SSH Private Key Exposure: The Keys to the Kingdom

Why is id_rsa in my Dataset?

It sounds impossible. Why would anyone commit their SSH private key?

In Machine Learning projects, it happens more often than you think.

  1. Dotfile Backup: A developer writes a script to backup their configs (~/.ssh) and accidentally includes it in a dataset upload.
  2. Docker Context: Copying the entire home directory (COPY . .) into a Docker container, including hidden folders.
  3. Git Add All: Running git add . in the root directory without a proper .gitignore.

The Impact

An SSH private key (id_rsa, id_ed25519) allows an attacker to:

  • Access your production servers.
  • Clone private repositories.
  • Pivot laterally through your internal network.

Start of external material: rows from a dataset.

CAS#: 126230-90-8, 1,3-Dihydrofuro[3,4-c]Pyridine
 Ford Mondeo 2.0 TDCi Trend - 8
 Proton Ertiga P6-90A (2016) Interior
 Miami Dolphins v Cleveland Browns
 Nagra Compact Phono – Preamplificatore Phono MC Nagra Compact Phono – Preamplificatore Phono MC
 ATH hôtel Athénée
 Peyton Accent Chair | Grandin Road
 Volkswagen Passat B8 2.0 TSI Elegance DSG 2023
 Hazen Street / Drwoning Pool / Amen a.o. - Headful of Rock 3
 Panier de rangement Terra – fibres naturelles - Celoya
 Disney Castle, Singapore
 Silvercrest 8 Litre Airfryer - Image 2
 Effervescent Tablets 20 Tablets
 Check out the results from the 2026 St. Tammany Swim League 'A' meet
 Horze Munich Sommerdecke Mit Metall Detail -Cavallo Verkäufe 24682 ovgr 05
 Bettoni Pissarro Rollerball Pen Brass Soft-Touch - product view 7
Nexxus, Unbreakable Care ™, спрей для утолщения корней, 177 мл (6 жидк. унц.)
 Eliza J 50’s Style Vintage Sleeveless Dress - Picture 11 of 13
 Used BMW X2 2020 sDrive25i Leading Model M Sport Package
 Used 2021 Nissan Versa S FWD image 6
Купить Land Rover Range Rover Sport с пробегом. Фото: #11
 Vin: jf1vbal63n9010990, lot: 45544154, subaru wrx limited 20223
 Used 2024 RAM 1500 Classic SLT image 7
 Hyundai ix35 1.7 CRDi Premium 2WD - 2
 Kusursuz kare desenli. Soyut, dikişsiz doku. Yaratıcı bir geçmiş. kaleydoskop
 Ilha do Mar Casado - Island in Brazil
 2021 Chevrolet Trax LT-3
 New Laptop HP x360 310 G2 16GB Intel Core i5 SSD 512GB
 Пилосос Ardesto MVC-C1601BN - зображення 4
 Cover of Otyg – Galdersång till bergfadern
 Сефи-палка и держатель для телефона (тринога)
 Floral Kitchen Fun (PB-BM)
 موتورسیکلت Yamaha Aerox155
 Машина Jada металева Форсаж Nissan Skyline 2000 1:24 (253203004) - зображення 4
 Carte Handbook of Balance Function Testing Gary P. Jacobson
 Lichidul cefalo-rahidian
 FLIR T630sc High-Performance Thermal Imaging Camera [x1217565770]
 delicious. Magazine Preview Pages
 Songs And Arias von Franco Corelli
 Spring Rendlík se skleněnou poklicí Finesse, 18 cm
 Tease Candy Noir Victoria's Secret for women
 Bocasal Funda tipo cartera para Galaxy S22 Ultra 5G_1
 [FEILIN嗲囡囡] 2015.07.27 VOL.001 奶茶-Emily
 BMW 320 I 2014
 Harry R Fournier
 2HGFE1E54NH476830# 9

Unlike API keys, SSH keys often don't have "usage limits" or "billing alerts." An attacker can persist in your network for months.

Detection Signatures

Private keys have highly recognizable headers. You don't need AI to find them; you need strict pattern matching.

Veritensor scans all file types (including text inside archives and datasets) for these headers:

  • -----BEGIN RSA PRIVATE KEY-----
  • -----BEGIN OPENSSH PRIVATE KEY-----
  • -----BEGIN PRIVATE KEY-----

Best Practices

  1. Never copy ~/.ssh into build contexts.
  2. Use SSH Agents instead of copying key files.
  3. Pre-commit Hooks: Use Veritensor as a pre-commit hook to block any commit containing these headers.
# .pre-commit-config.yaml
- repo: local
hooks:
- id: veritensor
name: Veritensor Scan
entry: veritensor scan .
language: system

Stopping a key from leaving your machine is infinitely cheaper than remediating a server breach.